- **Your instructions**: Below are entries with pictures among them; reproduce exactly, and only, the lines from the one containing "Flat for sale" down to the one containing "For Sale: $340,000", without the pictures.

- **Data section**:
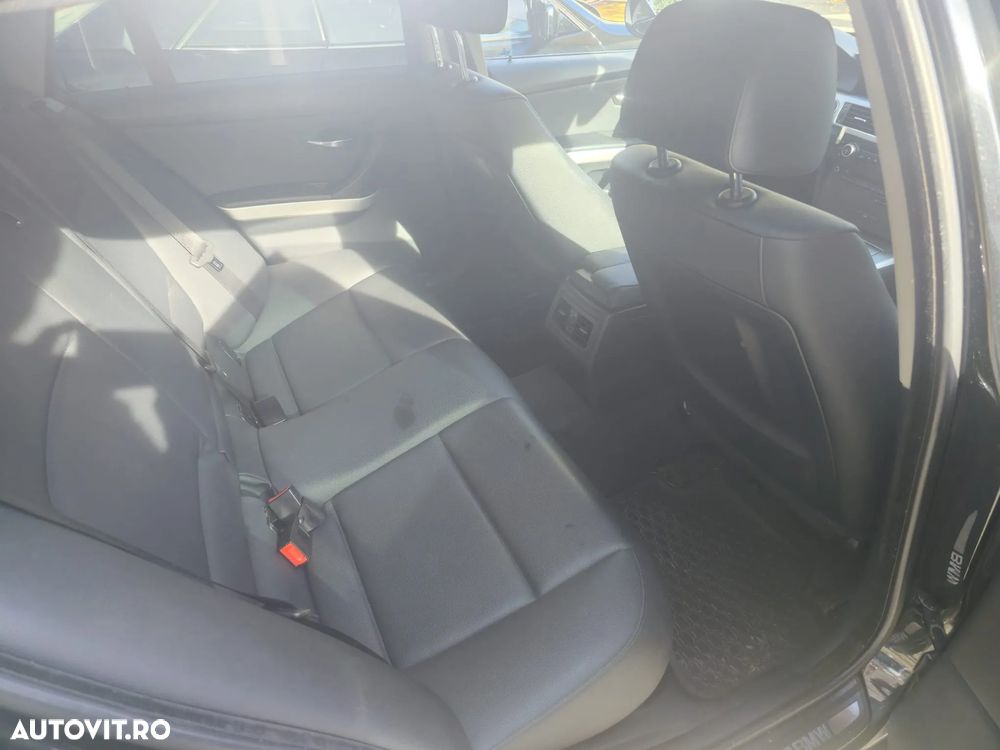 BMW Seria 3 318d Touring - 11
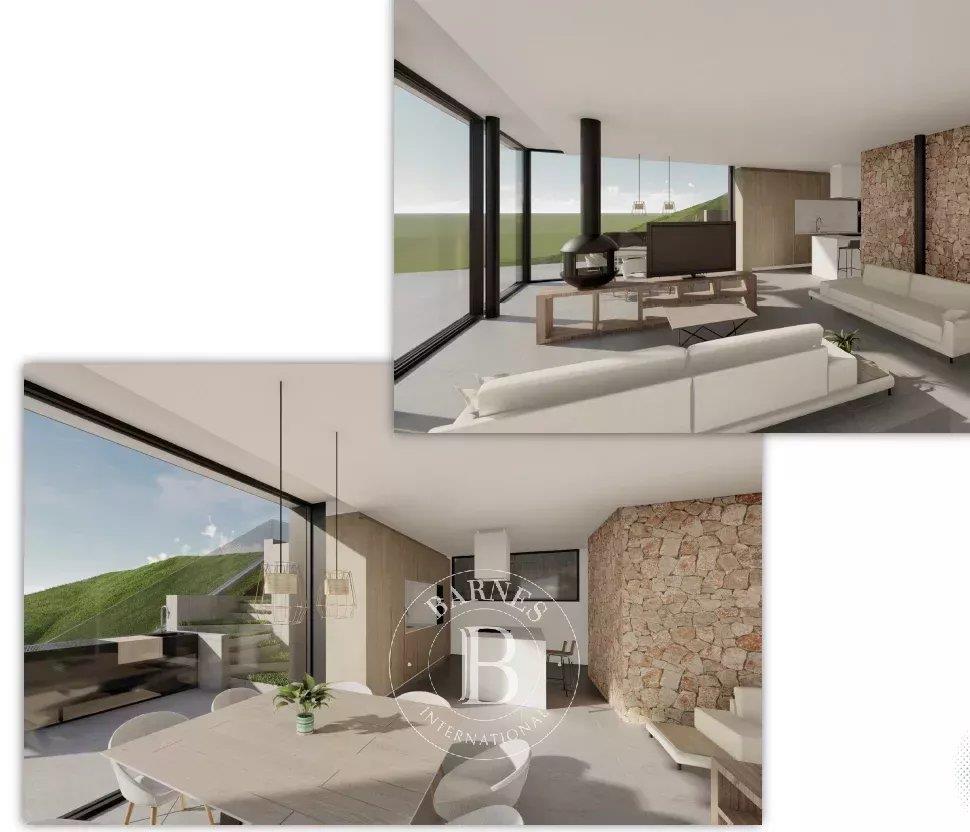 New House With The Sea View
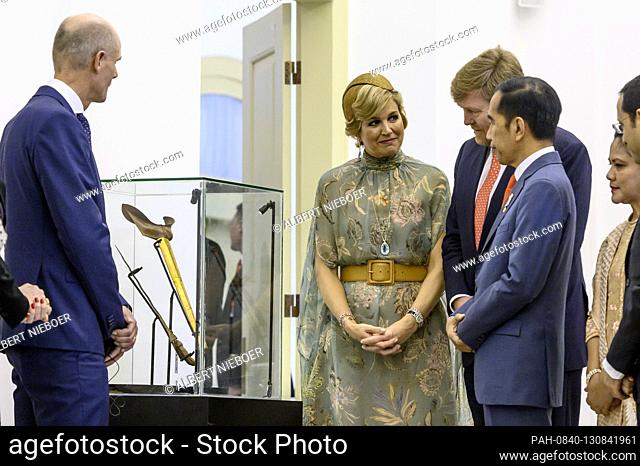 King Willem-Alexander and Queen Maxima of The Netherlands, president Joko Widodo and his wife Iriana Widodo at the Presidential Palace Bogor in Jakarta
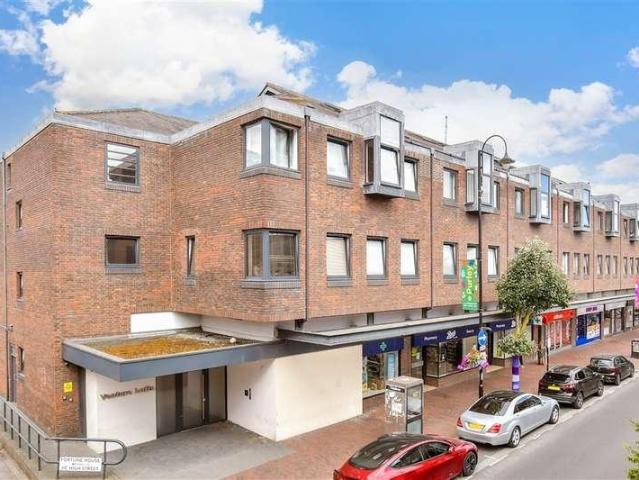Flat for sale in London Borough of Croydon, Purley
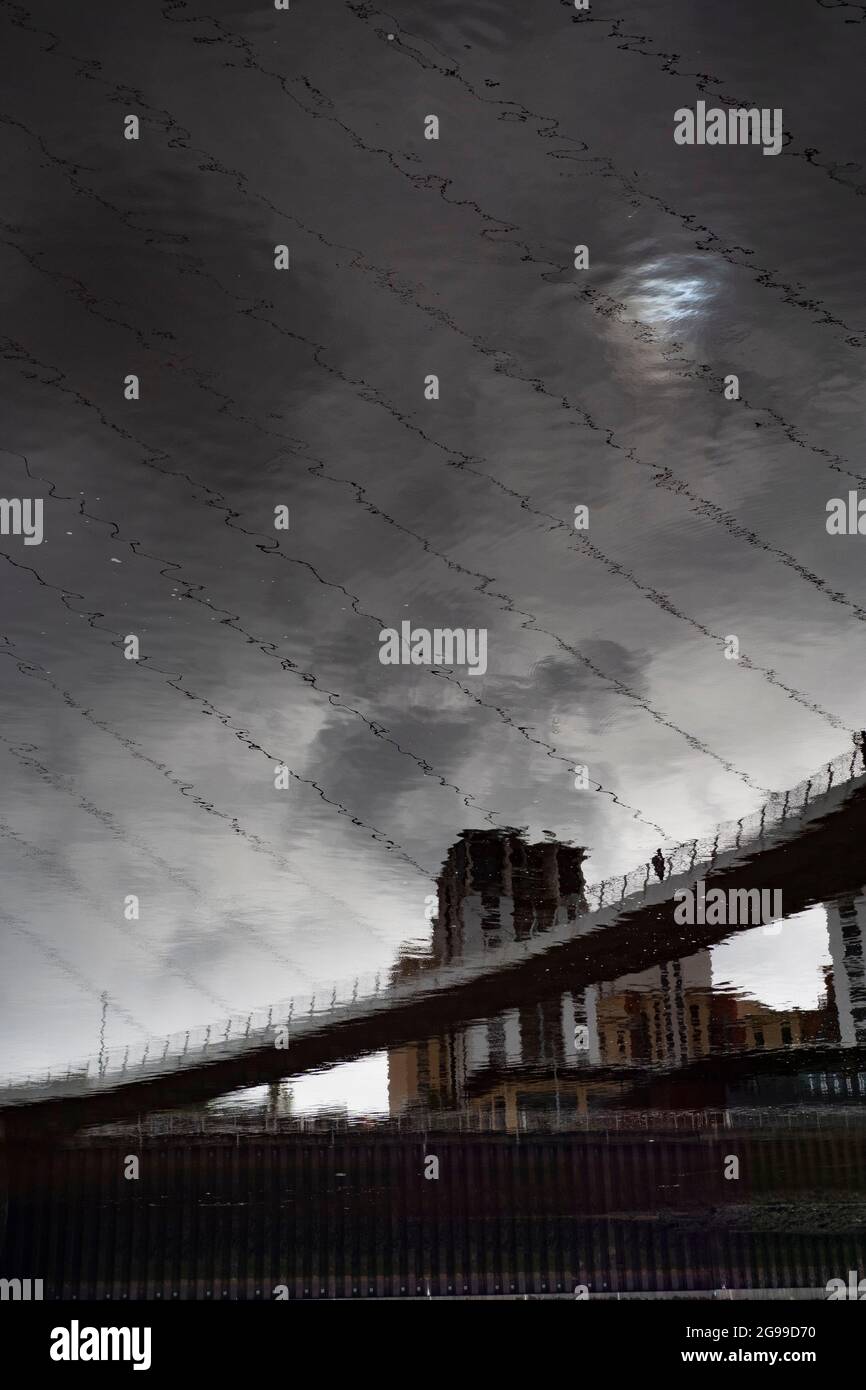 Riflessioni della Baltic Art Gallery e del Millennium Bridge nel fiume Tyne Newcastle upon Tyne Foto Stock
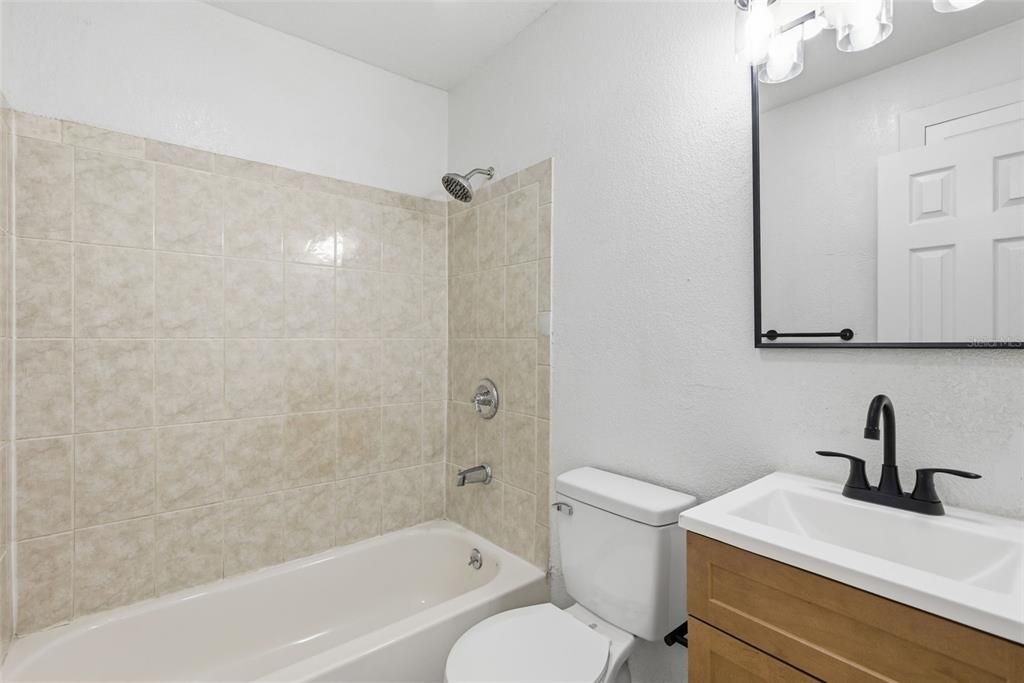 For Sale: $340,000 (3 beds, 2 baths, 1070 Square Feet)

---

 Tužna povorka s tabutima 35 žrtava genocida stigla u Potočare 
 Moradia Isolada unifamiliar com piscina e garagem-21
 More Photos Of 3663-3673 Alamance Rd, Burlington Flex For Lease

--

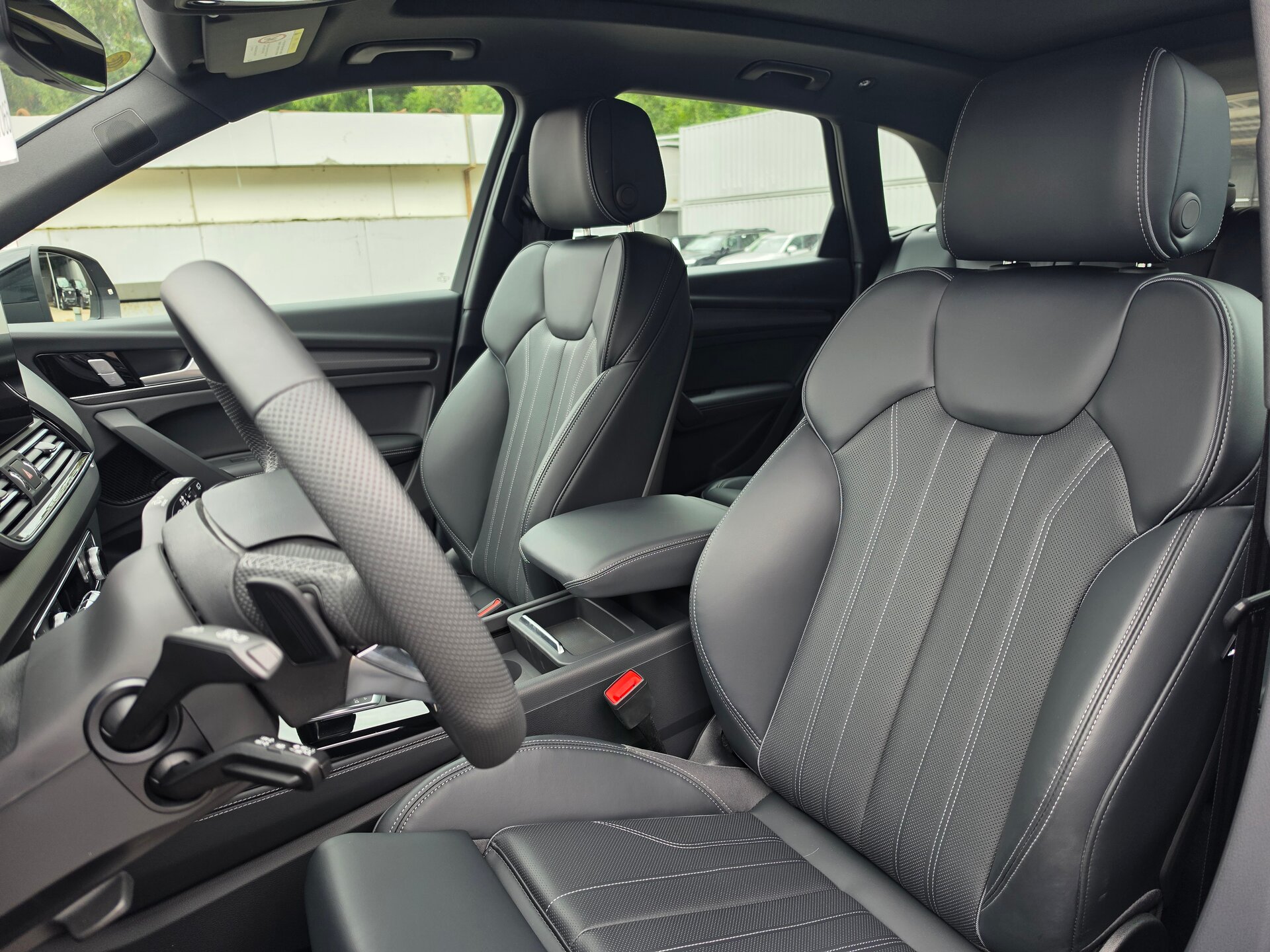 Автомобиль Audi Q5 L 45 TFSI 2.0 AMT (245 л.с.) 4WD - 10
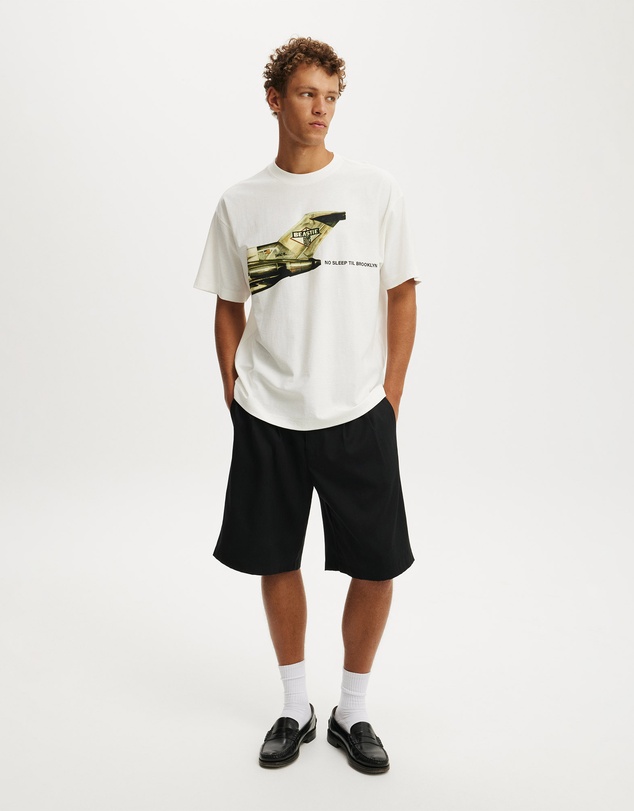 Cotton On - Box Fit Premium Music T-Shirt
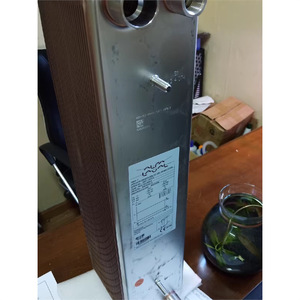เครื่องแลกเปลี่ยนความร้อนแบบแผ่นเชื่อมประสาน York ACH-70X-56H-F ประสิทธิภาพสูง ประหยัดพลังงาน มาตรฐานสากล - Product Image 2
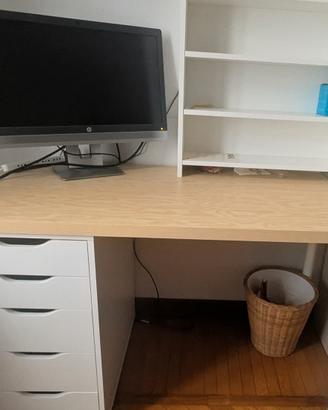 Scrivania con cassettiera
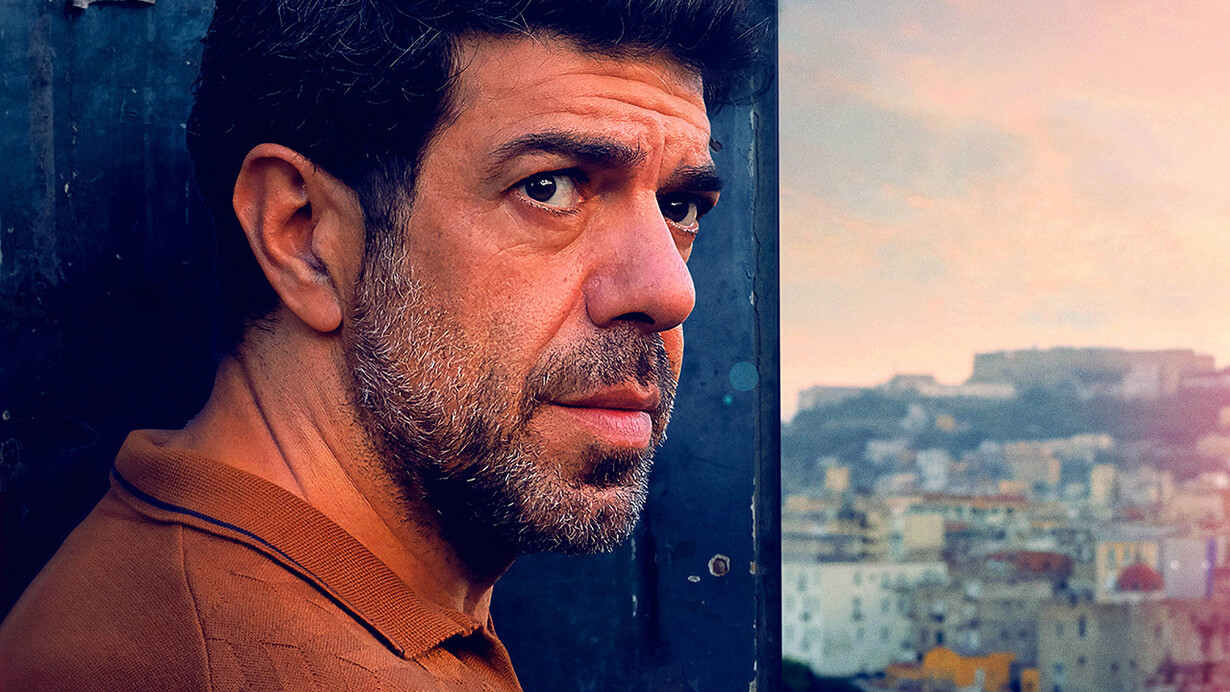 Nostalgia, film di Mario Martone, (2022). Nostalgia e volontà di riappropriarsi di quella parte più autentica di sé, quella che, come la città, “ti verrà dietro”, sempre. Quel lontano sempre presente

- **Response to this exercise**:
Flat for sale in London Borough of Croydon, Purley
 Riflessioni della Baltic Art Gallery e del Millennium Bridge nel fiume Tyne Newcastle upon Tyne Foto Stock
 For Sale: $340,000 (3 beds, 2 baths, 1070 Square Feet)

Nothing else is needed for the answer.